Saturday, August 6, 2011
Now, a "dinerant," in print, looks to me as though it should be defined as an angry tirade about a disappointing or upsetting meal. However, Portland's "The Original" seems to define it as a hybrid between "Diner" and "Restaurant." Since I think we can all agree that all diners are restaurants, this may seem an odd hybrid. Nonetheless, it is oddness that drew me to The Original in the first place.
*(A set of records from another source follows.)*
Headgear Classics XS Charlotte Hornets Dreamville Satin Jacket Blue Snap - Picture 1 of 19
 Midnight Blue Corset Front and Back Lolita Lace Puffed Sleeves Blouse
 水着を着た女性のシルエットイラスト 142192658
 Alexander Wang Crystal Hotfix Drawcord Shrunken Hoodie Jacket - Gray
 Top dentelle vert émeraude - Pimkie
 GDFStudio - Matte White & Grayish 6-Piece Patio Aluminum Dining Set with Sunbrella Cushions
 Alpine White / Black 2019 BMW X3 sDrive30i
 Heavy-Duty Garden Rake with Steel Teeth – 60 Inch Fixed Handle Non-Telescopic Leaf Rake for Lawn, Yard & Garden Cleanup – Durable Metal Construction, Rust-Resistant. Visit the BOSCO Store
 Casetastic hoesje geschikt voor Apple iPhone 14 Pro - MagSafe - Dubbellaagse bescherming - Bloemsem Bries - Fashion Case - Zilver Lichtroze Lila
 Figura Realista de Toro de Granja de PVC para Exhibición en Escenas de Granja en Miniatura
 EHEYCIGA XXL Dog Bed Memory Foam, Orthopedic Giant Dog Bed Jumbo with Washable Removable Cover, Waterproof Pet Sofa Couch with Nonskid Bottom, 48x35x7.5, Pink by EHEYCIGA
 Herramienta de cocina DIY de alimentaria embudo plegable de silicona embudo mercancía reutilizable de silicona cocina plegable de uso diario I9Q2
I decided to consult Breakfast In Bridgetown to find a singular breakfast joint in the downtown Portland area. One of the lovely things about the book is that it gives you the hours and days the various establishments serve breakfast, and since I was leaving on a weekday, it definitely limited my options. But I finally stumbled across the entry for The Original. Apparently when it first opened, its overly (and seemingly overtly) bizarre menu proved quite divisive. Lobster corn dogs, and other such low brow/high brow mashups explain the "dinerant" moniker. It has since seemingly slowed its roll a bit, and the book settled upon the opinion that despite the fact many Portlanders might still hold it in contempt, it is pretty much without reason. Also, it was really close to where I got off of the bus (I tried to minimize my travel since I was weighed down with all sorts of travel souvenirs), and, y'know, open.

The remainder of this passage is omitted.